GitHub - astra-vision/FAMix: [CVPR 2024] Domain generalization by interpolating original feature styles with styles obtained using random descriptions in natural language

A Simple Recipe for Language-guided Domain Generalized Segmentation

Mohammad Fahes¹, Tuan-Hung Vu^1,2, Andrei Bursuc^1,2, Patrick Pérez³, Raoul de Charette¹
¹ Inria, ² valeo.ai, ³ Kyutai

Project page: https://astra-vision.github.io/FAMix/
Paper: https://arxiv.org/abs/2311.17922

TL; DR: FAMix (for Freeze, Augment, and Mix) is a simple method for domain generalized semantic segmentation, based on minimal fine-tuning, language-driven patch-wise style augmentation, and patch-wise style mixing of original and augmented styles.

Citation

@InProceedings{fahes2024simple,
  title={A Simple Recipe for Language-guided Domain Generalized Segmentation},
  author={Fahes, Mohammad and Vu, Tuan-Hung and Bursuc, Andrei and P{\'e}rez, Patrick and de Charette, Raoul},
  booktitle={CVPR},
  year={2024}
}

Demo

Test on unseen youtube videos in different cities
Training dataset: GTA5
Backbone: ResNet-50
Segmenter: DeepLabv3+

Watch the full video on YouTube

⚠️⚠️Note1: For testing datasets with higher resolution than the one used for training, scaling down the images by a factor of 2 (i.e., scale=0.5) and then upsampling the predictions back to the original resolution speeds up inference and can improve results. Thanks to tpy001 for raising this point in the issues. The scale parameter can be customized when running Evaluation by adding --scale <value>.
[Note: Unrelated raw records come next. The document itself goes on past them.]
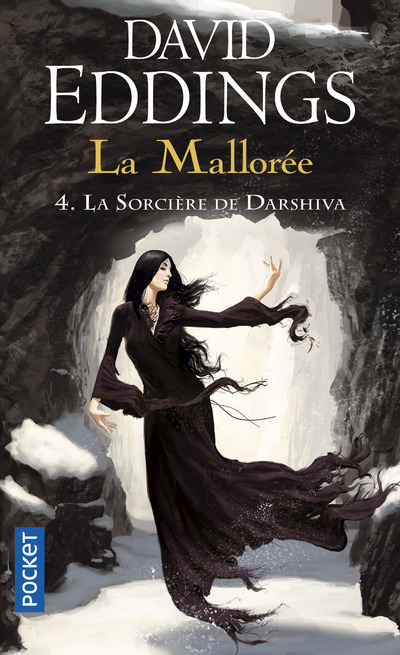 La Mallorée - tome 4 La Sorcière de Darshiva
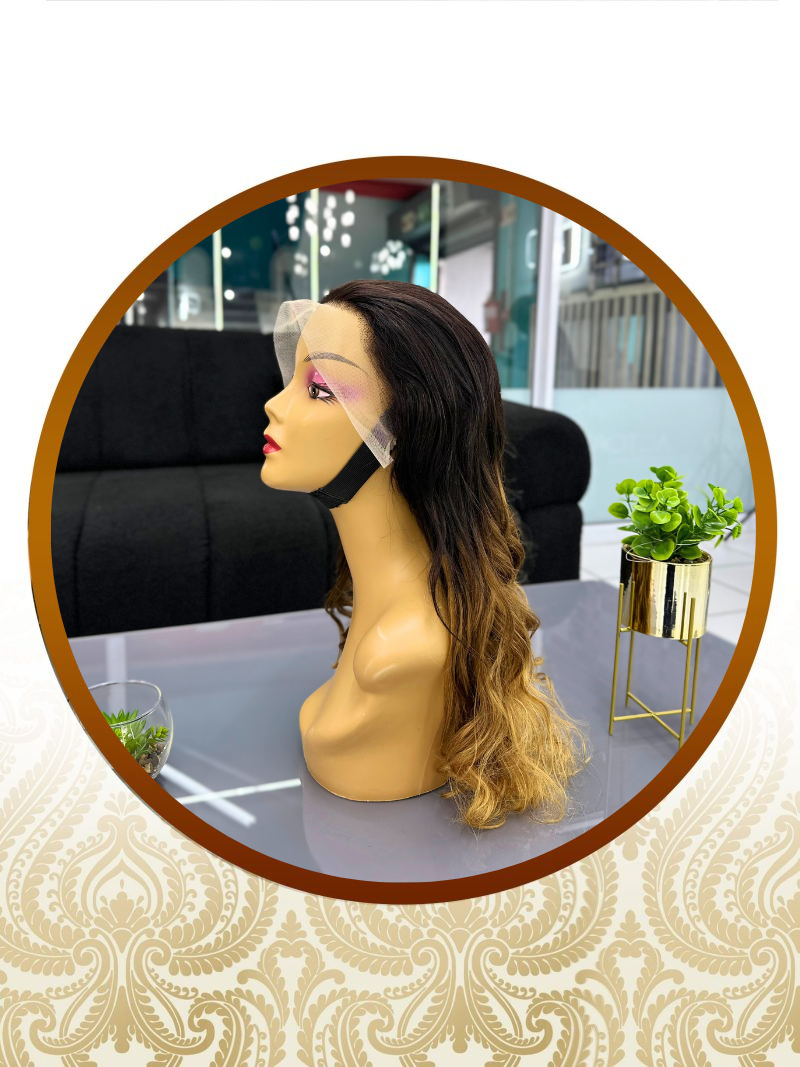 24" Remi Loose-Bodywave Lace Frontal Unit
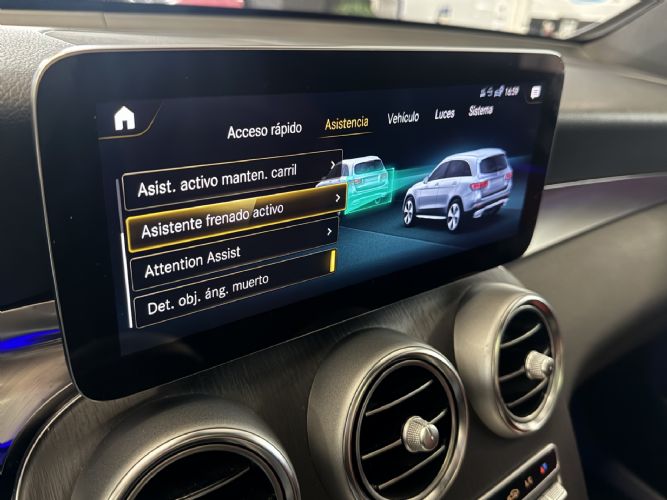 MERCEDESGLC 300De 4MATIC AMG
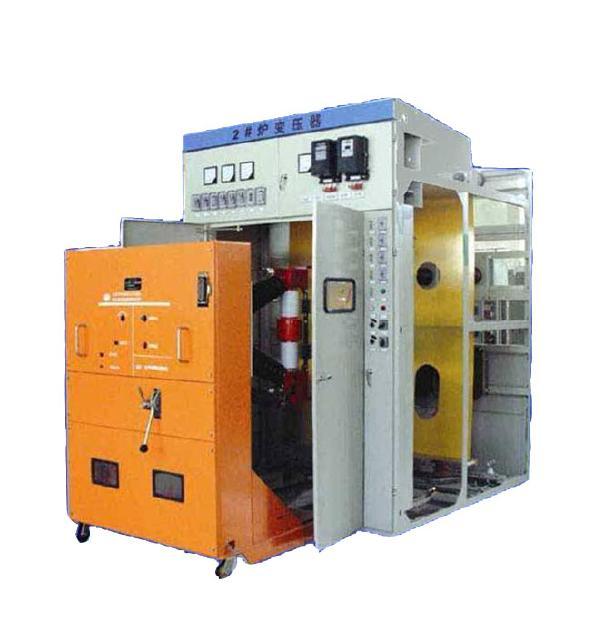 GBC-35 戶內(nèi)移開式交流金屬開關(guān)設(shè)備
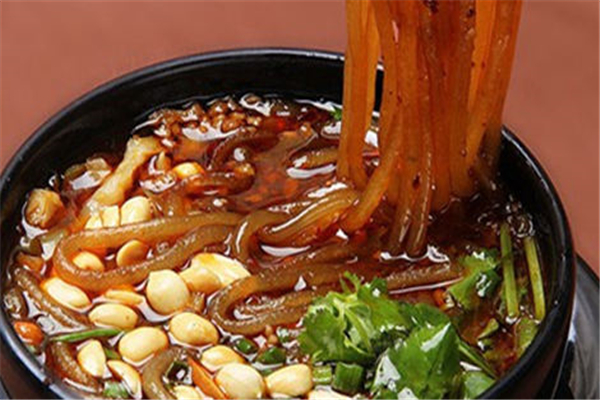 伤心酸辣粉全国有几家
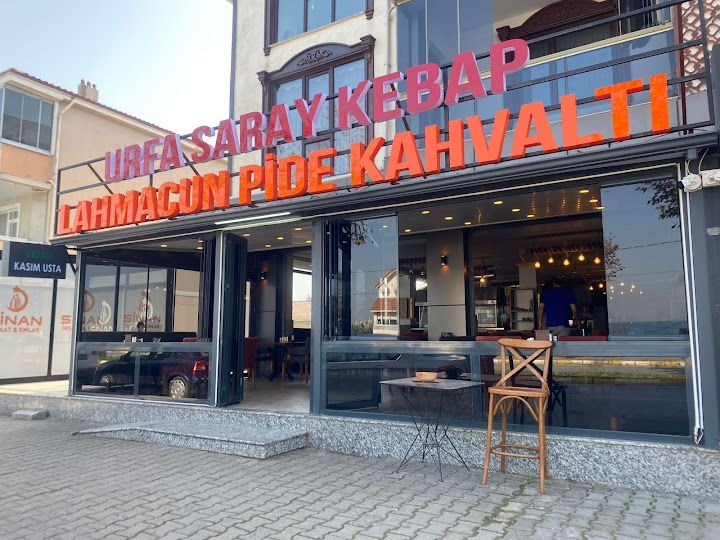Urfa Saray Kebap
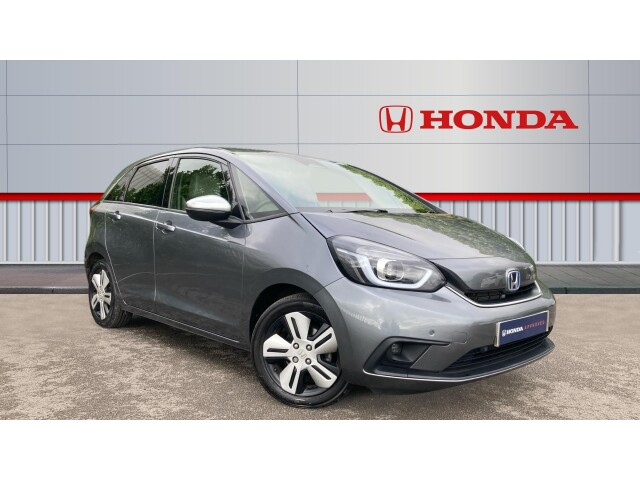 Main listing image - Honda Jazz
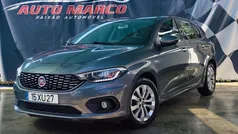 Cinza Usado 2019 Fiat Tipo Lounge | € 12.990 (Preço justo)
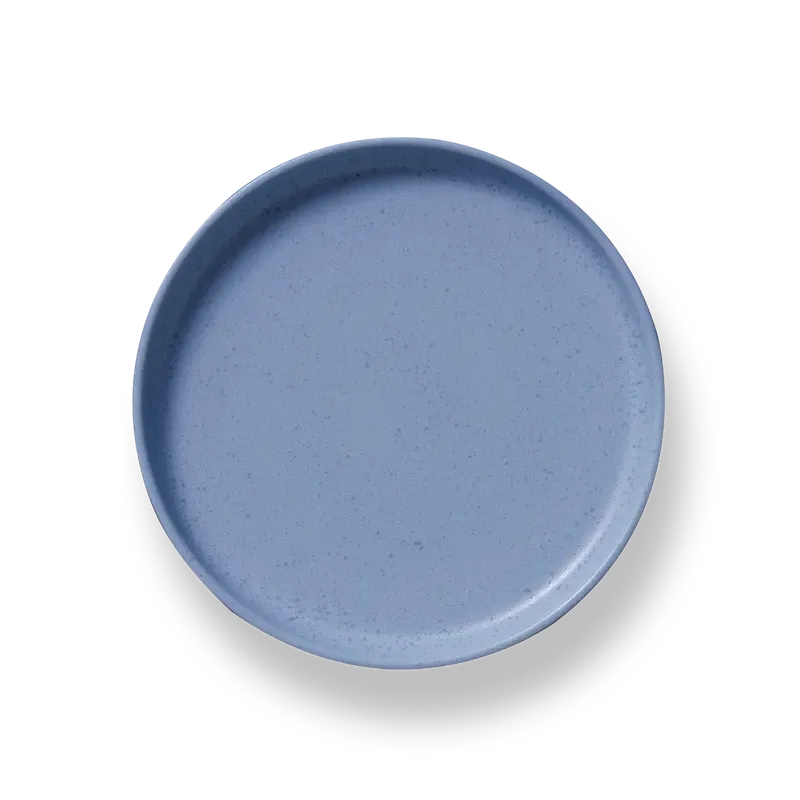 Sandy Loam Blue Plate ⌀ 22 cm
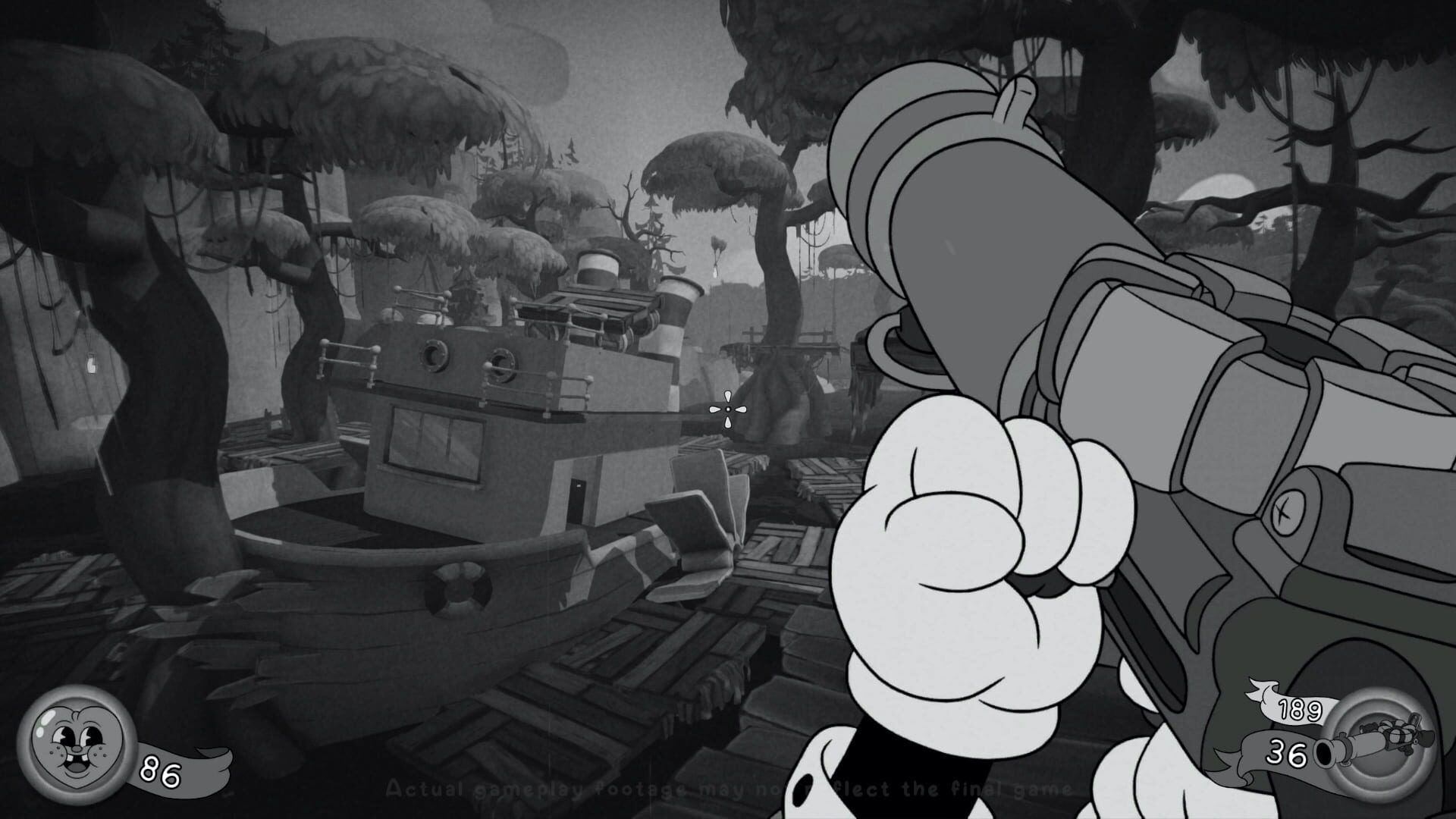 Mouse: P.I. For Hire (CONTA OFFLINE)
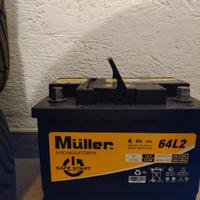 Batteria auto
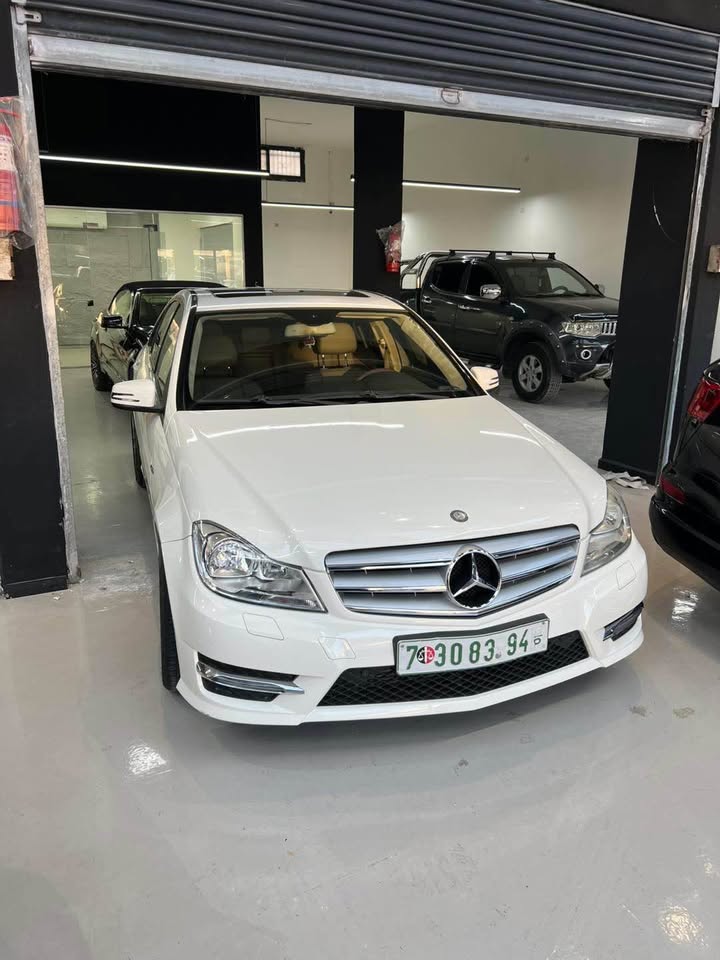 مرسيدس | MERCEDES C250 2012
⚠️⚠️Note2: One more trick to improve the performance at inference: 1- Predict with a scale=1 (i.e., original size of the input image), 2- Predict with downsampled image (scale=0.5), 3- ensemble the predictions. The code for this is added, it can be activated by adding in --scale <value> and --ensemble in Evaluation.

Results with RN50 backbone and DLv3+ decoder trained on GTA5:

Backbone	Decoder	Scale	Cityscapes	Mapillary	ACDC night	ACDC snow	ACDC rain	ACDC fog
RN50	DLv3+	1	48.51	52.39	15.02	37.38	39.56	40.99
RN50	DLv3+	0.5	48.02	54.00	21.58	38.27	39.53	44.94
RN50	DLv3+	ensemble (1 & 0.5)	50.80	56.04	20.05	40.40	42.10	44.93

Results with RN101 backbone and DLv3+ decoder trained on GTA5:

Backbone	Decoder	Scale	Cityscapes	Mapillary	ACDC night	ACDC snow	ACDC rain	ACDC fog
RN101	DLv3+	1	49.13	53.41	21.28	41.49	42.19	44.30
RN101	DLv3+	0.5	50.06	55.31	23.97	40.34	42.41	44.98
RN101	DLv3+	ensemble (1 & 0.5)	51.46	56.95	24.53	43.33	44.77	47.39

Table of Content

Installation

Dependencies

First create a new conda environment with the required packages:

conda env create --file environment.yml

Then activate environment using:

Datasets

ACDC: Download ACDC images and labels from ACDC. Please follow the dataset directory structure:

<ACDC_DIR>/                   % ACDC dataset root
├── rbg_anon/                 % input image (rgb_anon_trainvaltest.zip)
└── gt/                       % semantic segmentation labels (gt_trainval.zip)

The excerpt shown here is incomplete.